The court noted that the claims under the Civil Rights Acts of 1964 and 1991 were linked to a violation of the ADA, and that dismissal on summary judgment of Rivera's ADA claim would amount to a dismissal of his remaining federal claims
Plaintiffs do not appeal the court's dismissal of the defendants in their individual capacities or of the state claims
With their motion for reconsideration, plaintiffs attempted to submit the letter Rivera allegedly sent to Maldonado. The court declined to consider the letter, because plaintiffs failed to submit it before judgment was entered. To the extent that plaintiffs challenge this ruling on appeal, we hold that there was no abuse of discretion in the district court's rejection of the letter and of plaintiffs' motion to alter judgment on account of a belated evidentiary proffer, especially where that evidence was previously available and should have been submitted to the court for timely consideration See Aybar v.

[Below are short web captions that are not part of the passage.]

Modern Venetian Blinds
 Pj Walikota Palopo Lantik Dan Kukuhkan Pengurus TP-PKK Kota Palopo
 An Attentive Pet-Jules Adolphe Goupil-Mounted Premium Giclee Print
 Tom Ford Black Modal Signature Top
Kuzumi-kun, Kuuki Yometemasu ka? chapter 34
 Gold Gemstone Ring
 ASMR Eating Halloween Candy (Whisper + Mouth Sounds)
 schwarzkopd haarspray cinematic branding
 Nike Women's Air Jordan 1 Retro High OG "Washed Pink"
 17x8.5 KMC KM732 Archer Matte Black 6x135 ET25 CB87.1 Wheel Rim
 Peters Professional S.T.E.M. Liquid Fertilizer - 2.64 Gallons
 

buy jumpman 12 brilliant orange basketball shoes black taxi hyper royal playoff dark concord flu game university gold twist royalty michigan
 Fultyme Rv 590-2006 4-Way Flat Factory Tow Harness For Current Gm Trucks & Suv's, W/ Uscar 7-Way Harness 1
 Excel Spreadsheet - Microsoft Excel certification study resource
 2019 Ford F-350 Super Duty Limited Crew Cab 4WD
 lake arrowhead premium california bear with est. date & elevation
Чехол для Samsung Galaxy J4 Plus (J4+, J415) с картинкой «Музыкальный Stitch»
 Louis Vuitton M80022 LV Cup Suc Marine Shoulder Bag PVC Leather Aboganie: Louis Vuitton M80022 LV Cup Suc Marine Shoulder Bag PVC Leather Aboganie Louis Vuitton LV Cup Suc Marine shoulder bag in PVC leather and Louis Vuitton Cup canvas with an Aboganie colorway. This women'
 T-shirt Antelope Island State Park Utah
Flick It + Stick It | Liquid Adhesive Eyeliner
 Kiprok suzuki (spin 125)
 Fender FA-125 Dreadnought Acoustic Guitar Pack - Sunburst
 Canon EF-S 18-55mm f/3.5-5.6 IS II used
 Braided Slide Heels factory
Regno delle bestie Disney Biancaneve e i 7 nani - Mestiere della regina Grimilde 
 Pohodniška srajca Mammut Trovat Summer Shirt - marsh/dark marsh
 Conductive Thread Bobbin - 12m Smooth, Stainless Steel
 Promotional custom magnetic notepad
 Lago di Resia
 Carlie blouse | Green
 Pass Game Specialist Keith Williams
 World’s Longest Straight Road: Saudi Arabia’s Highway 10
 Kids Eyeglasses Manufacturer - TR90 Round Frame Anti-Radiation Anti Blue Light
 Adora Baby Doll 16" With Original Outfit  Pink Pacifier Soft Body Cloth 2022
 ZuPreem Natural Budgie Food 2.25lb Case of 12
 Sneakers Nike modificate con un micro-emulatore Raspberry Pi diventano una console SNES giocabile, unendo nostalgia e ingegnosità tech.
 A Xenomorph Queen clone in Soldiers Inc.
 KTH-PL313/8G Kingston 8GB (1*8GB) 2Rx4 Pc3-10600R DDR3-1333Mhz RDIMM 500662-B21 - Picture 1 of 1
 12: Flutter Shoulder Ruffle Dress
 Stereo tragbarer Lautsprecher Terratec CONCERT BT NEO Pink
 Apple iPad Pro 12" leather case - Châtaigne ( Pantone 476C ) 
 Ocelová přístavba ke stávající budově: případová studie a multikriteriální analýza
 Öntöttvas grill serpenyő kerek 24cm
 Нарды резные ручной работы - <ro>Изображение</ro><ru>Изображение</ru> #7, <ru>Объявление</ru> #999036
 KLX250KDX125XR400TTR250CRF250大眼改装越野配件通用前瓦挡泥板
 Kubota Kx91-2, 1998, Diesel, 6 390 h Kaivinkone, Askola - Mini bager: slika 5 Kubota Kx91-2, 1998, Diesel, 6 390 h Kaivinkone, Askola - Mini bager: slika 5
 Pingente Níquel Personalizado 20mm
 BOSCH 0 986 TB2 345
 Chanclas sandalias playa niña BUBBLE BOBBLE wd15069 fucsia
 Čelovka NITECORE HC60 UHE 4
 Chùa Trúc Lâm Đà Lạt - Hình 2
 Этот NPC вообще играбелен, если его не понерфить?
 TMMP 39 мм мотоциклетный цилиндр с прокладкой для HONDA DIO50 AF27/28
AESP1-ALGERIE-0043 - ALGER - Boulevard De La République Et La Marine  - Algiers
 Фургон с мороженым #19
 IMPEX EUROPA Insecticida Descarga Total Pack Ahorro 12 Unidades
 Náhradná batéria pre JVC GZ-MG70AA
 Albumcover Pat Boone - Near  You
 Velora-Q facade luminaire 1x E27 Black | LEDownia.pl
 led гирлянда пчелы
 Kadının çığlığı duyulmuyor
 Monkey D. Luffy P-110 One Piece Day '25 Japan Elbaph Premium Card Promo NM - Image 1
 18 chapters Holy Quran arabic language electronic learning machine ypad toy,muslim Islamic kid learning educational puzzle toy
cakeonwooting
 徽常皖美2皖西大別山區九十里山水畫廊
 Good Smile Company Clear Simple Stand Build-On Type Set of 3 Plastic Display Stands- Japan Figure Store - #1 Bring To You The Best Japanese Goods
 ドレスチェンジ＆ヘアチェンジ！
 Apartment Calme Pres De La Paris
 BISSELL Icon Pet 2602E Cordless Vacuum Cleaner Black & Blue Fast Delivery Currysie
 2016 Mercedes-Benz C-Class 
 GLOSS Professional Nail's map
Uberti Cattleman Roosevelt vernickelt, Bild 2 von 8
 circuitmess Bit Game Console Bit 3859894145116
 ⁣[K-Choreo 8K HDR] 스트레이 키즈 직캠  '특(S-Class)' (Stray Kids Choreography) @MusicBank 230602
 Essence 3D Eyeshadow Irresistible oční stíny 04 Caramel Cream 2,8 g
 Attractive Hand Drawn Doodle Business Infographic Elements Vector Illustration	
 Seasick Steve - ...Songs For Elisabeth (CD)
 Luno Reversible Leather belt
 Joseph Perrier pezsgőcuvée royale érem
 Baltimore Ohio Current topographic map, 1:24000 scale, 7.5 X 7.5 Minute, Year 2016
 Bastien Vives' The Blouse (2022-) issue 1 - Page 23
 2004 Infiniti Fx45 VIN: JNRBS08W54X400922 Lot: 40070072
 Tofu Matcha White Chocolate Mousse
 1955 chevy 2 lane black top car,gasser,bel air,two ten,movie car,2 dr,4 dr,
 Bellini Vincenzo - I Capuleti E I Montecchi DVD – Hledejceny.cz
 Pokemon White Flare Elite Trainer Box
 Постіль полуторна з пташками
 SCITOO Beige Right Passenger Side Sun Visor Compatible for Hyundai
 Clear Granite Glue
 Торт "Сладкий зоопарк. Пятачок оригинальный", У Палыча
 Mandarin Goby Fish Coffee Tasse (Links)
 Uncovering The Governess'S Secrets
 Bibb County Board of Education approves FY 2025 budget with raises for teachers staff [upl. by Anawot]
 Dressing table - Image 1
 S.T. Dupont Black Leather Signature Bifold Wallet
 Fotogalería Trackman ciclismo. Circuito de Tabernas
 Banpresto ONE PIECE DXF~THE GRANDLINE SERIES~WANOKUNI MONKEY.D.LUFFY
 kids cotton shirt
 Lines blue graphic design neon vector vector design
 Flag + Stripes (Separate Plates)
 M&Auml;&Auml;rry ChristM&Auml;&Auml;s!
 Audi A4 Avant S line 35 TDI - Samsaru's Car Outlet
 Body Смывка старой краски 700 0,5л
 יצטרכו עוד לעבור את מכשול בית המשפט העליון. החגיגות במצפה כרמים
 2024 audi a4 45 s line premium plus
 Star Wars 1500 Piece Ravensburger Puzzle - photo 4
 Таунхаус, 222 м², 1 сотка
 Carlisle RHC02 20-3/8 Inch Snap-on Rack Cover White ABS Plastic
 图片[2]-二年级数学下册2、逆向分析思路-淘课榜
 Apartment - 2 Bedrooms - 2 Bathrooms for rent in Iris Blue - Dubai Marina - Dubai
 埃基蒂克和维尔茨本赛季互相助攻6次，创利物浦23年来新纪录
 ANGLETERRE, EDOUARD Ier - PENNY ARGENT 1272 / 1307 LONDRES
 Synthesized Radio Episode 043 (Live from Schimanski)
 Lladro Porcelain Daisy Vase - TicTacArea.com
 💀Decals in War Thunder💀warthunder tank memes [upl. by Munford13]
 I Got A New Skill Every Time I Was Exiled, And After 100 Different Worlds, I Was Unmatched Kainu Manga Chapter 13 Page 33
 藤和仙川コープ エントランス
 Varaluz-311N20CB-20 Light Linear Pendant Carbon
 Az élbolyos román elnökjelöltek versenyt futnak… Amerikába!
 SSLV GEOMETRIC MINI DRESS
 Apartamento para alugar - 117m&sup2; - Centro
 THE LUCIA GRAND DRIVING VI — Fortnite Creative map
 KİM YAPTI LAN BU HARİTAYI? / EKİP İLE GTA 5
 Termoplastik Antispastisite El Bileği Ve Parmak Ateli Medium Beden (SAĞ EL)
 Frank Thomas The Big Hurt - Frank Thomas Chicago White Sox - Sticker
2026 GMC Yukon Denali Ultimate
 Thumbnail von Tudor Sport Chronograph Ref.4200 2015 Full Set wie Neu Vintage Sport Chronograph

Crispin-Reyes, 118 F.3d 10, 16 (1st Cir. 1997) ("[Rule 59(e)]... does not allow a party to introduce new evidence or advance arguments that could and should have been presented to the district court prior to the judgment.").
We construe plaintiffs' allegations that the University discriminated against Rivera by refusing to appoint him to the Vice Chancellorship and by failing to provide him with reasonable accommodations as arguments in support of the wrongful discharge claim, and not as independent grounds for relief under the ADA. To the extent that plaintiffs are advancing independent disparate impact and failure to accommodate claims, their arguments are desultory at best and amount to waiver See United States v. Zannino, 895 F.2d 1, 17 (1st Cir. 1990) (holding that "issues adverted to in a perfunctory manner, unaccompanied by some effort at developed argumentation, are deemed waived," because "a litigant has an obligation to spell out its arguments squarely and distinctly" (quoting Rivera-Gomez v. de Castro, 843 F.2d 631, 635 (1st Cir. 1988) (internal quotation marks omitted))).